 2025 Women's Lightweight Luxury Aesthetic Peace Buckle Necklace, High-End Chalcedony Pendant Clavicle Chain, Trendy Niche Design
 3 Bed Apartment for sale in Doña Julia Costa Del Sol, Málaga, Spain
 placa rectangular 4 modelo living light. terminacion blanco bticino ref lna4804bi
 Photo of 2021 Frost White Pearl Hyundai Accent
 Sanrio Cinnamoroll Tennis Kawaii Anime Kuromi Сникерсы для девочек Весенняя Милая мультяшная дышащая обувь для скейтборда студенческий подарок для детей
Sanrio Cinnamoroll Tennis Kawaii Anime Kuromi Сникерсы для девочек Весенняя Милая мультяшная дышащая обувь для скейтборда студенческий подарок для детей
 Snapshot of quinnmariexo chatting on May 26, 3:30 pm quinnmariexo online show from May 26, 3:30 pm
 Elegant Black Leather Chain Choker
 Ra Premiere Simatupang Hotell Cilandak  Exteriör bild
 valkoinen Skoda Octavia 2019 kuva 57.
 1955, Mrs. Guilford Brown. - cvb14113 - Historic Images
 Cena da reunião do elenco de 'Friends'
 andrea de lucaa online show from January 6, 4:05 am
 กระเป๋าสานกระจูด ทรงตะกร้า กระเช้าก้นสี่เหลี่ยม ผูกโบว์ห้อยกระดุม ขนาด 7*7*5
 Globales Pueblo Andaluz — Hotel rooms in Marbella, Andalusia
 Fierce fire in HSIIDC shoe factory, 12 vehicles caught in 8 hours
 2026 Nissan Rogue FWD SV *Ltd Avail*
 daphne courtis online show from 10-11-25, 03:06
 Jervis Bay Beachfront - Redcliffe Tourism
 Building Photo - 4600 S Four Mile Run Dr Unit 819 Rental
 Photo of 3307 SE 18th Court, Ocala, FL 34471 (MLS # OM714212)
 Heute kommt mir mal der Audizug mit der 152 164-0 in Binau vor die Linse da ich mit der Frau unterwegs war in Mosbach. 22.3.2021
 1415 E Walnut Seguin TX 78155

━━━

:: The task ::
Only a number is wanted here: how many lines of the records above contain "online".

:: Response to the exercise ::
3